Trending: Democrats and Their Electoral Priorities
So what happened? For the first 37 minutes, there was an embarrassing, politically motivated back and forth with both sides trying procedural tricks. After consulting with legal counsel and the State Republican Party Parliamentarian, Mr. Collins begrudgingly accepted a motion to change the agenda, and removal of the chairman entered debate.
Enter Debbie Belcher—the same Debbie Belcher that said a meeting to remove chairman Collins was unnecessary because the decision had already been made! There were 5 people on the agenda to speak, and custom dictates that the people on the agenda receive 5 minutes to speak and those not on the agenda get 3 minutes to speak. Mrs. Belcher quickly made a motion to limit all testimony to 1 minute! Attention Mrs. Belcher: we are the party of ideas, of dissenting opinions, and of inclusion. We do not need this—what are you thinking??

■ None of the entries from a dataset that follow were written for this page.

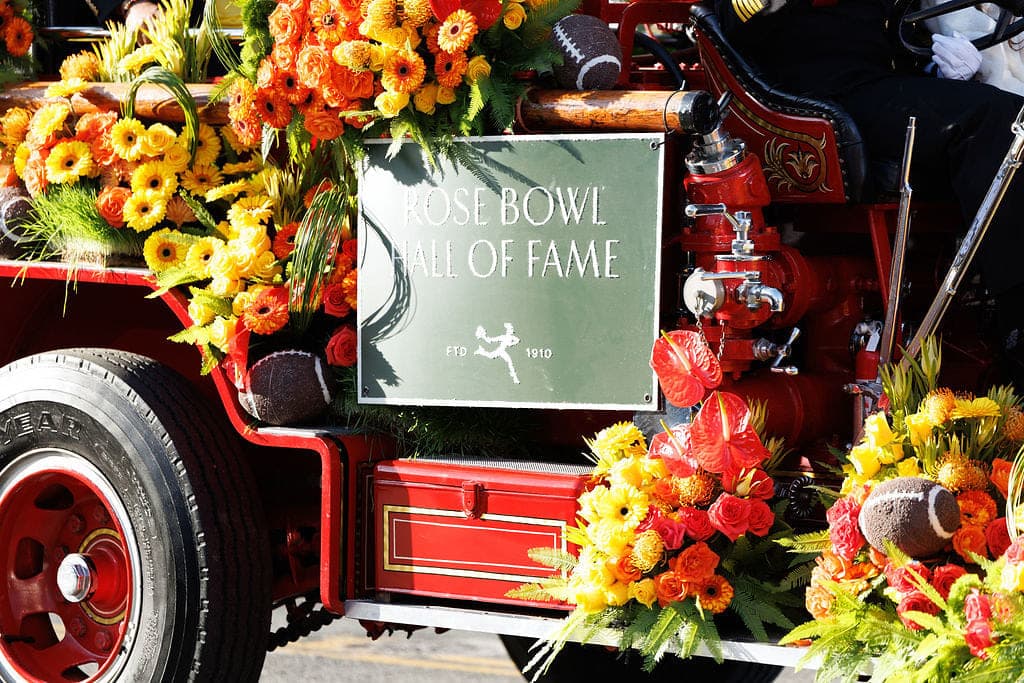 Marigolds and anthurium banked across a vintage fire engine at the Rose Parade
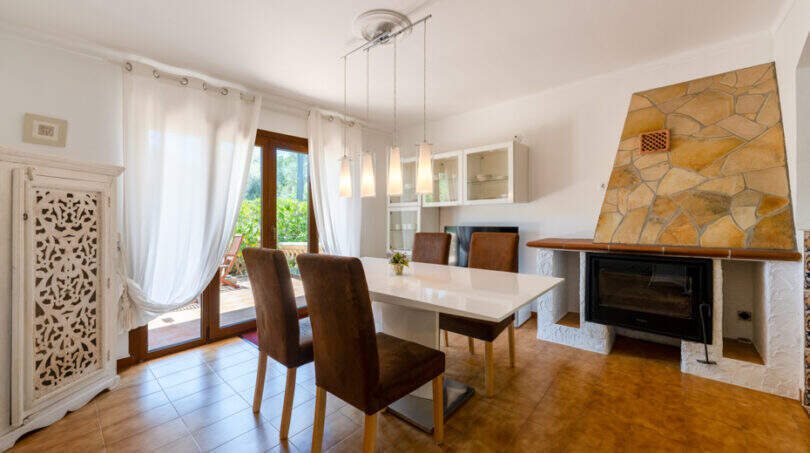 Helles Esszimmer mit weißem Tisch, braunen Stühlen, Naturstein-Kamin und Zugang zur Sonnenterrasse in Cala Murada.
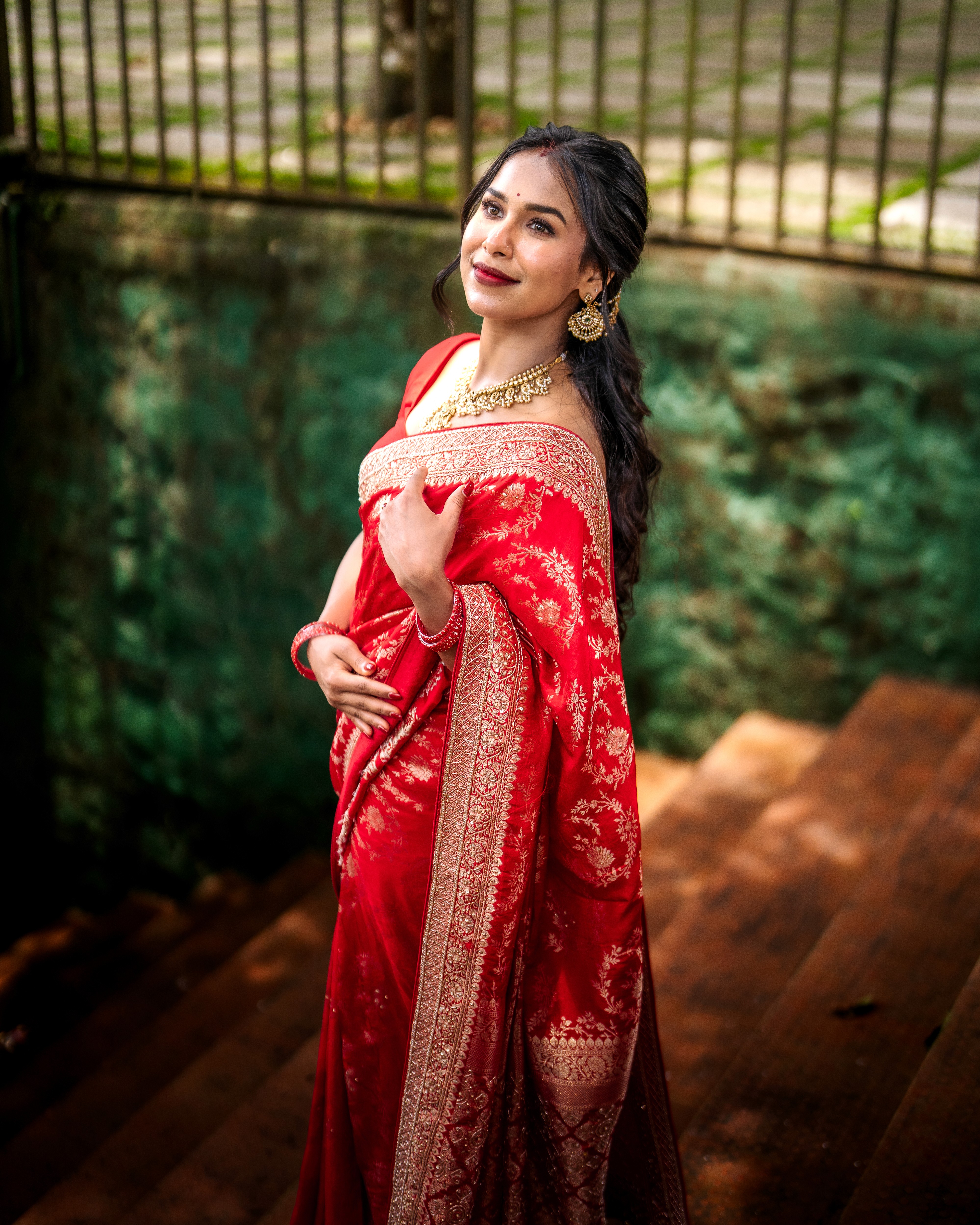 Palm trees and crowded beach with ocean in background.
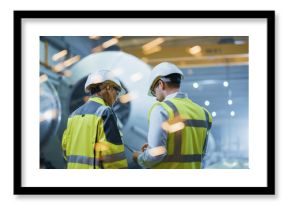 Two Heavy Industry Engineers Stand in Pipe Manufacturing Factory, Use Digital Tablet Computer, Have Discussion. Construction of Oil, Gas and Fuels Transport Pipeline. Back View Sparks Flying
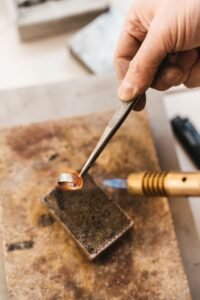 jeweler showing a client a finished custom ring under a loupe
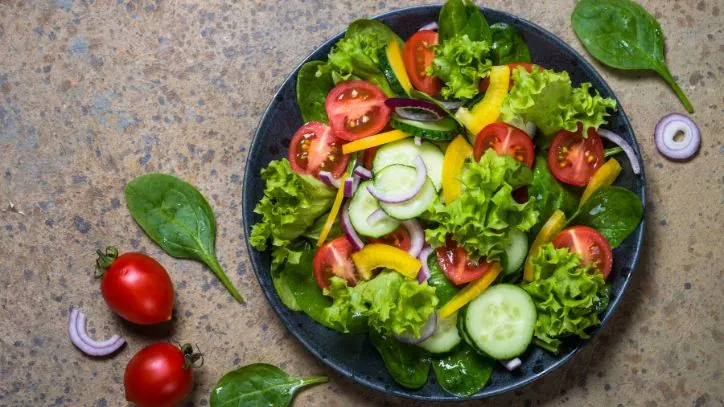 Salad on a plate made with winter greens grown in Yuma AZ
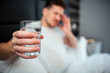 © estradaanton - Young man in bed. He hold glass of water and show it to camera. Model hold hand on forehead. Headache or hangover.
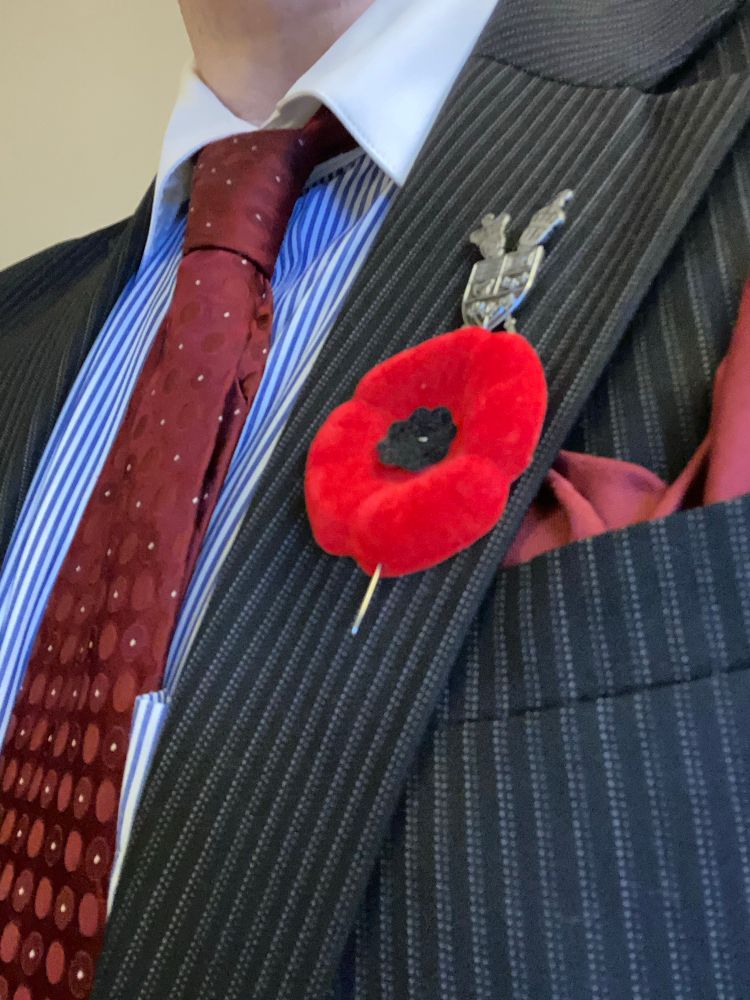 My maroon tie and pocket square framing my dark grey striped jacket lapel, which had a Parliament pin as well as a poppy, with the pin threaded through the bottom lip as described. 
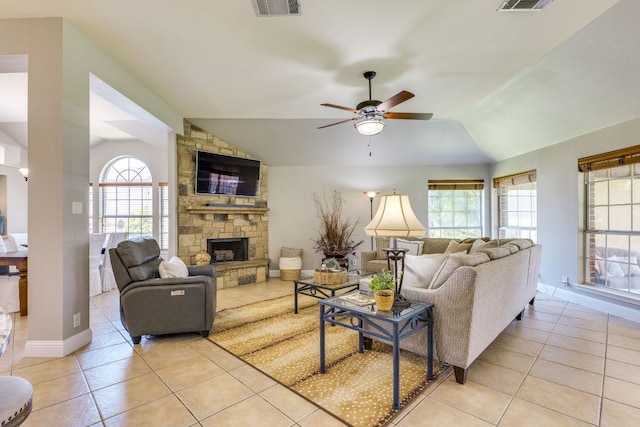 604 Cutty Trl, Lakeway, TX 78734 - living room featuring lofted ceiling, light tile patterned floors, ceiling fan, and a stone fireplace
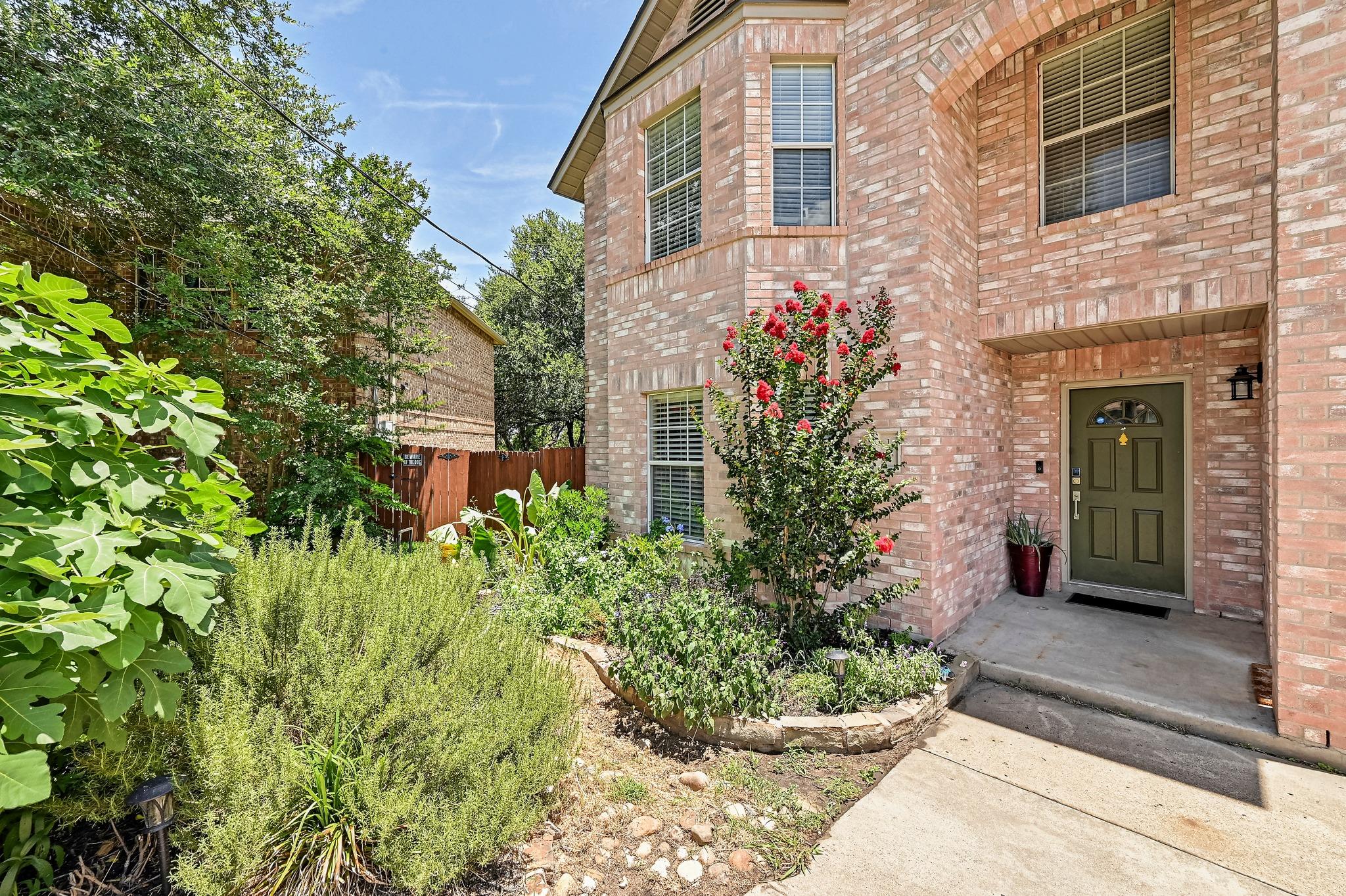 A well-maintained brick facade home with lush lan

Every person who gave testimony opposed Mr. Collins’ removal. The themes of the testimony were basically the same: to remove a chairman for anything less than gross malfeasance sets a terrible precedent, and would destroy many years of hard work made by the people in the room. When speakers demanded a list of injustices perpetrated by Mr. Collins, here is the best they could come up with:
-We don’t like his leadership style.
-The name on the checkbook was not transferred quickly enough to the new officers.
-Sub-committees were not formed quickly enough.
-Mr. Collins sometimes interrupted people while they were speaking.
Even if there were good reasons to remove Mr. Collins—which is debated—we may never know. Do the above reasons sound like grounds for removal? For throwing the party into upheaval? For better or for worse, we did not get the whole story last night. Perhaps the committee members were acting in the party’s best interest by not airing all the dirty laundry in the presence of reporters. But somehow AP doubts this. A major allegation of the ‘overthrowers’ was that Mr. Collins bashed the state party at various club speeches. Mr. Collins denies this, but what is the truth? Every club in the county that Mr. Collins could possibly have spoken at was represented last night, but nobody spoke up. If he bashed the state party, these people would know—but they said nothing. At any rate, all of the clubs supported Mr. Collins, so it is reasonable to assume that he did not bash the party, otherwise the clubs would have different testimony.
The committee members paid absolutely no attention to the testimony of the people. They said “thank you for coming” and promptly voted the opposite of how literally every single person testified they should vote. The vote carried with a super majority, and Mr. Collins is no longer the chairman.
To some observers, this move amounted to a power play—an attempt by people who want to run for a higher office to get their ducks in a row. Mr. Collins is decidedly more moderate than the people who conspired to remove him. The problem is: the social issues that the right of our party espouse in no way define a conservative, or a Republican. And if our party narrows the scope of our appeal, we have no chance in this state.
Republicans debate in the realm of ideas. We believe in individual responsibility and lack of government control whenever possible. The entirety of conservative ideology stems from here. AP fears that this charade will remove focus from the real meaning of being a Republican at a time when we can least afford it. Furthermore, I think that things will get worse before they get better. The two sides didn’t air all of their grievances last night, and we were left with the instructions “if anybody wants to know what really happened, I will be happy to answer questions afterwards, as this information was not factually correct.” If past history is any indicator, we will find out the facts in a public forum, and a mountain will be made out of what should have been a mole hill.